Nella scuola materna ceca, non obbligatoria ma frequentata dal 95% dei bambini, le sezioni sono in maggioranza omogenee per età. La Scuola da me visitata, ma in generale molte, apre alle 6,30 del mattino e chiude alle 19.30, per andare incontro alla famiglia dove, quasi sempre, lavorano sia la mamma, sia il papà. E' un retaggio del regime prima del 1989, mi fanno notare. E questa data ricorrerà sovente come linea di demarcazione, netta, tra un prima e un dopo che hanno ancora qualcosa in comune. Per il resto, il dopo ha cercato di liberarsi in fretta del passato.
Eravamo rimasti sulla soglia, ma ora, con un passo molto attutito dalla bardatura, possiamo entrare. Ed ecco finalmente i bambini. Stanno ascoltando la presentazione del programma quotidiano, che comprende anche la mia presenza. Insieme all'insegnante ci sono due tirocinanti, studentesse universitarie della Facoltà di Pedagogia. Viene affidata loro la prima attività: esercizi motori di riscaldamento. La truppa è ridotta: alcuni sono a nuoto, altri a letto con l'influenza.

C'è qualcosa che mi pare strano, ma non riesco a capire. Poi mi rendo conto che lo spazio per la classe è un appartamento: 120 mq circa, naturalmente organizzati per le varie attività. E' un altro retaggio. Come un altro retaggio, a proposito di attività, lo sono i programmi rigidi nazionali che stanno per essere finalmente trasformati in un curricolo con indicazioni generali da integrare a livello locale. Decisione che si accompagna ad una politica di decentralizzazione con nuove competenze affidate alle Regioni e ai Comuni. Nei vecchi Programmi la Materna era vista come una scuola che preparava alla Scuola Elementare. Ora diventerà la scuola che aiuta il bambino a scoprire il mondo attraverso l'esperienza, che prevede la socializzazione legata all'apprendimento. In altre parole, il bambino è posto al centro del processo educativo. Questa Scuola Materna, in relazione al percorso di rinnovamento, è particolarmente fortunata perché lavora in stretto rapporto con l'Università, dove insegna la mia guida, la professoressa Jana Ulhirova. Anche lei è molto convinta che la scuola non può fare a meno del rapporto con l'Università e viceversa.
Mentre i bambini sono impegnati nella colazione, ci accingiamo a visitare altre sezioni. E non posso non stupirmi quando scopro che funziona una sezione per i soli bambini ebrei. Quando entro si vedono evidenti i segni della tradizione ebraica. In un angolo un'insegnante specialista insegna i colori nella lingua madre.

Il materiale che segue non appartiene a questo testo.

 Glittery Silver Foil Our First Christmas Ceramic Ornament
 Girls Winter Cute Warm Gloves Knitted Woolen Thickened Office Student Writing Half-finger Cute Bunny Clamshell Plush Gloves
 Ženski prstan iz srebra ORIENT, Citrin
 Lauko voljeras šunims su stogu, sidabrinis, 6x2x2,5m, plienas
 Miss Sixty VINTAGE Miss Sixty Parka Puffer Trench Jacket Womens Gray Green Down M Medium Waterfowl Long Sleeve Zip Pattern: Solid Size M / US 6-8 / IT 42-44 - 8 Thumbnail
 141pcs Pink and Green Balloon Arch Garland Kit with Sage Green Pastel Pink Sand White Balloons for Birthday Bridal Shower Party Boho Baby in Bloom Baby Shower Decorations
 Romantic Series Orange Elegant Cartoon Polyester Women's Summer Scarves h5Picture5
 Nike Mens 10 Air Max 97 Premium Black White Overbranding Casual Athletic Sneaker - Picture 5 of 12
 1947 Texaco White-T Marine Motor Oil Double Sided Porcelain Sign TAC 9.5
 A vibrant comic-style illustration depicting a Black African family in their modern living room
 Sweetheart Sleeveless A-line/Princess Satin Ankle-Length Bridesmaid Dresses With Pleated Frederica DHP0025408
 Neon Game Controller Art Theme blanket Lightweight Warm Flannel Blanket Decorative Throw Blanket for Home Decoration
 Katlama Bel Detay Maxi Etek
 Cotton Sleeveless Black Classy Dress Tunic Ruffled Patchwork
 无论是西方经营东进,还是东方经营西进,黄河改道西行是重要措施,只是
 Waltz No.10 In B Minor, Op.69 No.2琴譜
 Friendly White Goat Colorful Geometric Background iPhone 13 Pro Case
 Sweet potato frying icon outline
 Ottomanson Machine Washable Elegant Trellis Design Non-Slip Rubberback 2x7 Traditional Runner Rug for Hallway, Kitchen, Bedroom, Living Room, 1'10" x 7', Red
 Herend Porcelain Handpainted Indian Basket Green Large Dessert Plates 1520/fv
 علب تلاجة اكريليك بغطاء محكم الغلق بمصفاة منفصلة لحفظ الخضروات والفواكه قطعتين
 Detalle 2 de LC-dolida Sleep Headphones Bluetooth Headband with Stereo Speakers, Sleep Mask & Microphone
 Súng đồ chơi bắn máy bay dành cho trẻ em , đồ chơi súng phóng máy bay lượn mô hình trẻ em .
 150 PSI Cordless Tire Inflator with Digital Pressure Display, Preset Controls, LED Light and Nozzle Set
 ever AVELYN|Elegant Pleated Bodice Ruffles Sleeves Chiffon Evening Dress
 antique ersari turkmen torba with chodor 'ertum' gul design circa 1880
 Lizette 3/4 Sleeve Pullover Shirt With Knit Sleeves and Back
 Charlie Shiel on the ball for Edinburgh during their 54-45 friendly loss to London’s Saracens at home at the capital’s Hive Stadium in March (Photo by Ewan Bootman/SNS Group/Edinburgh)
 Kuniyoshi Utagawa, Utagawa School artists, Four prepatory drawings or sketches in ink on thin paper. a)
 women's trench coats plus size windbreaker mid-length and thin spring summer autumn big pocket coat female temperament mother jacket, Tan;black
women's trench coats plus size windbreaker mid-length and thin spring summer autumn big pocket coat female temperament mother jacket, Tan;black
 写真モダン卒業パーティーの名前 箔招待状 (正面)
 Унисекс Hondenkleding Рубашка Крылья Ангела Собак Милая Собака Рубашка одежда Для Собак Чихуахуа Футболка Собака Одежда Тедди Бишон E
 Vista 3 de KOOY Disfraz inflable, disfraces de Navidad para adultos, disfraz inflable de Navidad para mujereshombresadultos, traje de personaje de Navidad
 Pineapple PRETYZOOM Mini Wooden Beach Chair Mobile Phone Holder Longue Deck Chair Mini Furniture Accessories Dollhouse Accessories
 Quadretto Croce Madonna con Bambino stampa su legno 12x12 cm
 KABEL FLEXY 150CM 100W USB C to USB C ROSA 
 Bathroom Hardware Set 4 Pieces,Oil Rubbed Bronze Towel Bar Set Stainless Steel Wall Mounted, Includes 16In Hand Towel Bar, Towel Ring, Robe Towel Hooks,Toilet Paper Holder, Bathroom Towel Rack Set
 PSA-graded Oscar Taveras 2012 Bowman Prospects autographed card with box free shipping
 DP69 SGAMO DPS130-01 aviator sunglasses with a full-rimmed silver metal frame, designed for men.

Sul muro scorgo i disegni di una festa ebraica: il Purim, mi spiegano. Allo stupore subentrano molte perplessità. Ma Jana scruta nei miei pensieri e mi dice che anche lei pensava fosse una scelta emarginante. Poi le hanno fatto notare che questo è un tentativo di riprendersi un'identità che è stata negata dallo sterminio nazista e dal proibizionismo del regime comunista. I padri di questi bimbi sono una generazione senza identità e hanno pensato che la scuola dei loro figli possa aiutarli a restituirgliela. E poi alla festa, quando la si ricorda in classe, sono invitati tutti i bambini della scuola, come tutti partecipano al Natale. E tante altre attività vengono svolte insieme.
Nel frattempo, i nostri ci attendono nell'atelier di pittura - a fianco c'è anche quello di musica - per farci assistere a una performance creativa. Non posso non notare che in ogni sezione c'è un pianoforte, vecchio ma funzionante, e tra poco ci sarà anche un computer, attrezzato con software per bambini della scuola materna. Non solo. C'è pure il laboratorio di inglese: non è obbligatorio ed è pagato a parte dai genitori. Anche qui il prima e il dopo sono a confronto, ma le attività si integrano.
Non ho tempo di approfondire perché sono subito attirato dal lavoro nell'atelier. Le due tirocinanti hanno motivato il gruppo.


"C'era una volta un figlio di un mago che dopo tanti studi diventò un pittore. Non era un pittore qualunque. Amava usare tecniche diverse. Tra queste aveva scelto di spruzzare il colore con i pennelli dopo averli intinti nella tempera".
E in pochi minuti ecco un bel lavoro che mi ricorda la tecnica di Pollock, grande artista contemporaneo. Inutile dire che vi è tempera in ogni angolo, oltre che nelle mani e sui visi dei bambini. La mattinata termina con la visita, anche se mi resta il tempo di vedere le foto delle attività extra scolastiche. Non male. Oltre a quelle tradizionali si annoverano la settimana bianca, la settimana verde, l'educazione stradale nell'apposito percorso attrezzato a fianco del giardino con veri e propri segnali. Infine, una volta all'anno ci si ferma tutti a dormire a scuola per un'intera notte: una sorta di campeggio interno, in un luogo sicuro per tutti.

La visita ufficiale è terminata, ma la conversazione con Jana non può finire senza aver affrontato il tema dell'integrazione scolastica degli alunni in situazione di handicap. Prima del 1989 l'integrazione non era possibile. Ora invece, almeno nella Scuola Materna, si possono (notare il 'possono' che vuol dire lasciare tutto alla buona volontà) integrare tutti gli alunni in situazione di handicap, compresi quelli con ritardo mentale che sono invece esclusi negli altri gradi scolastici (la scuola è obbligatoria per nove anni). Non è più interdetto, ma molte sono ancora le resistenze: degli insegnanti e dei genitori dei bambini "normali".

C'è molta paura perché l'integrazione potrebbe far perdere tempo.

E poi per il Ministero costa troppo.

Come se le scuole speciali non costassero. Ma questa è un'altra storia.